PROMPT |
Omit the pictures and retype only the lines from the one containing "Quatre pièces de" through the end of the listing, both ends included.

GIVEN ENTRIES |
□ □ □

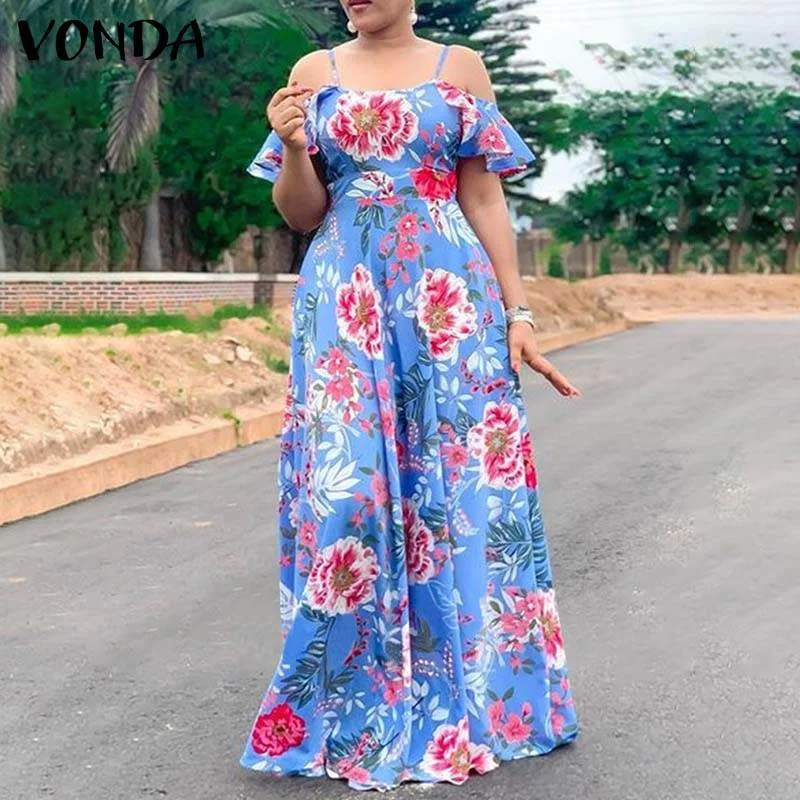 Women Bohemian Floral Printed Long Maxi Dress 2022 VONDA Sleeveless Off Shoulder Dress Beach Sundress Casual Zipper Vestido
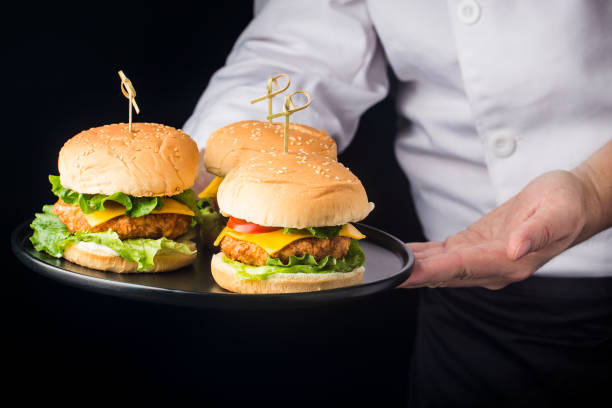 istock Western food - seafood shrimp hamburger 1351832711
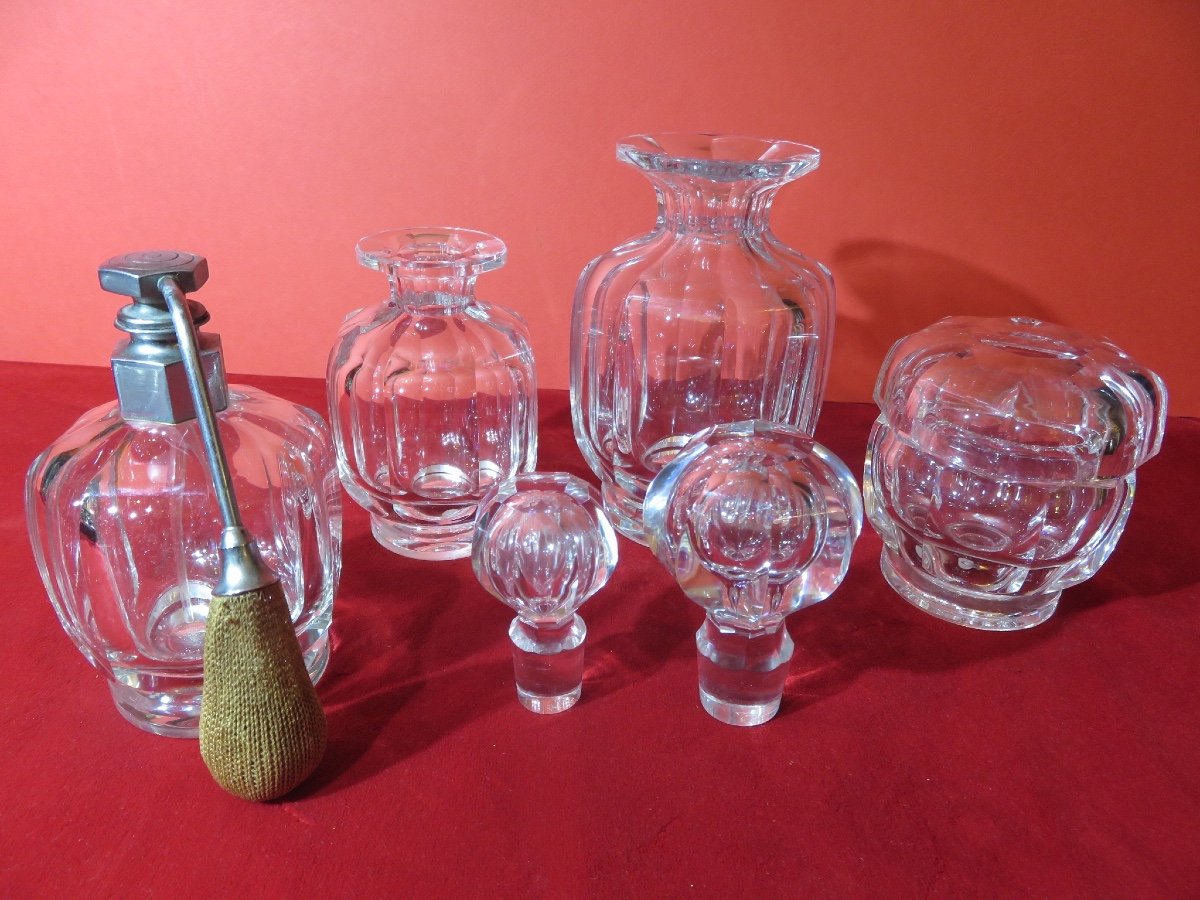 Quatre pièces de toilette en cristal de Baccarat ,modèle Malmaison -photo-6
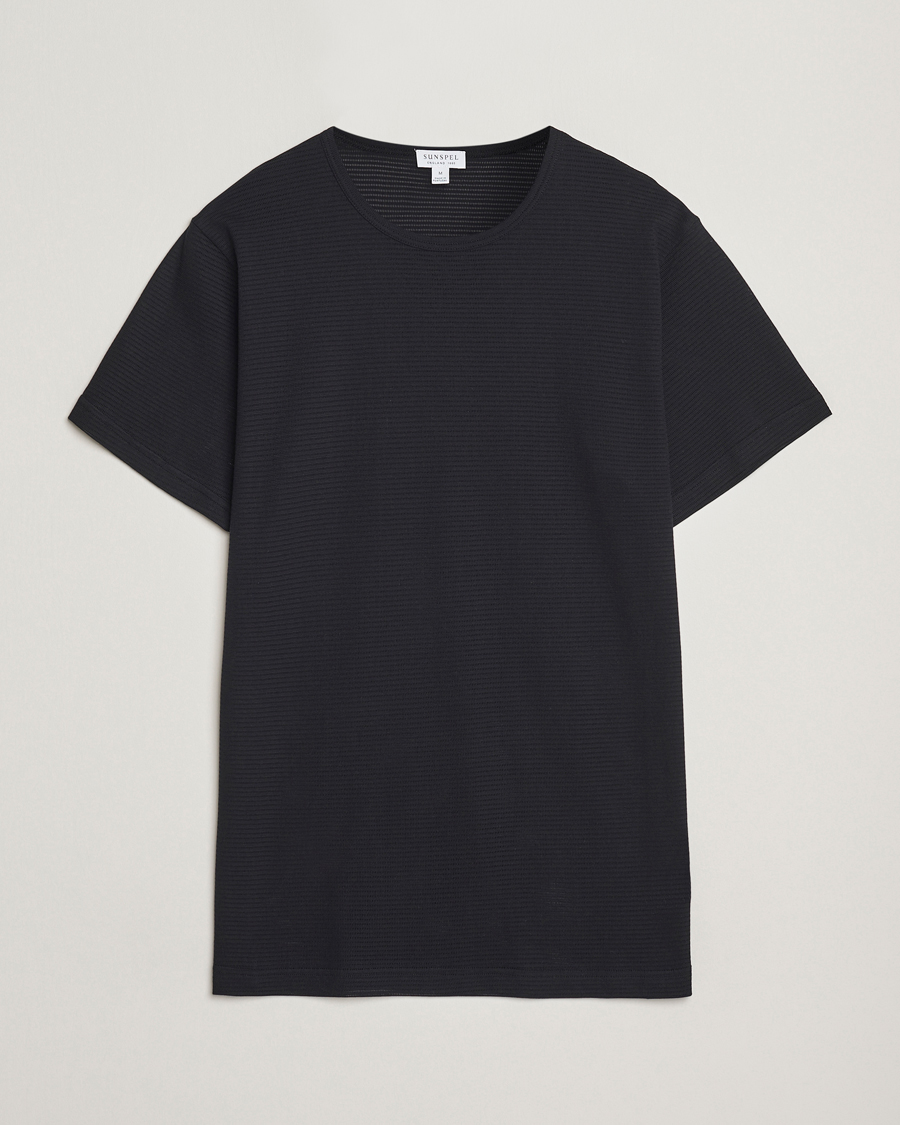 Herre | T-Shirts | Sunspel | Cellular Underwear T-Shirt Black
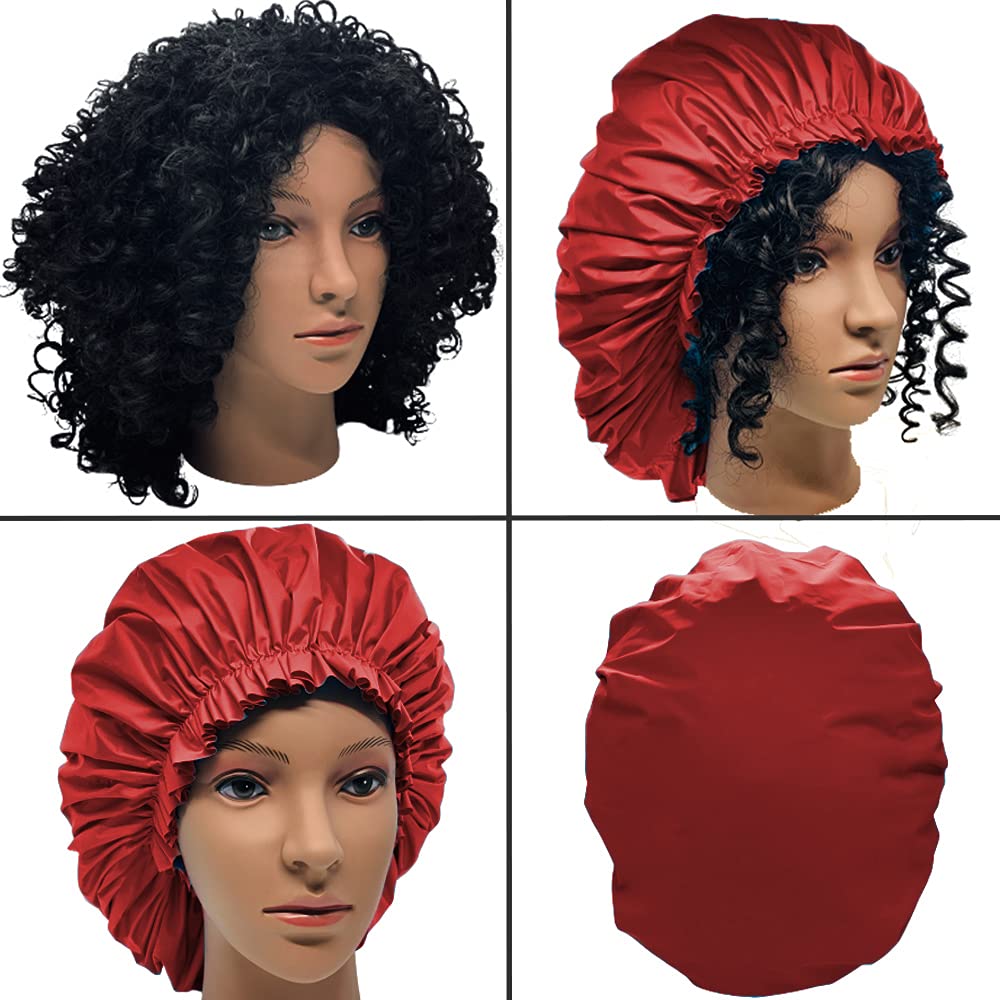 ELEBOX Premium Collection Super Jumbo Shower Cap Red Beauty & Personal Care ELEBOX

□ □ □

RESPONSE TO THE EXERCISE |
 Quatre pièces de toilette en cristal de Baccarat ,modèle Malmaison -photo-6
 Herre | T-Shirts | Sunspel | Cellular Underwear T-Shirt Black
 ELEBOX Premium Collection Super Jumbo Shower Cap Red Beauty & Personal Care ELEBOX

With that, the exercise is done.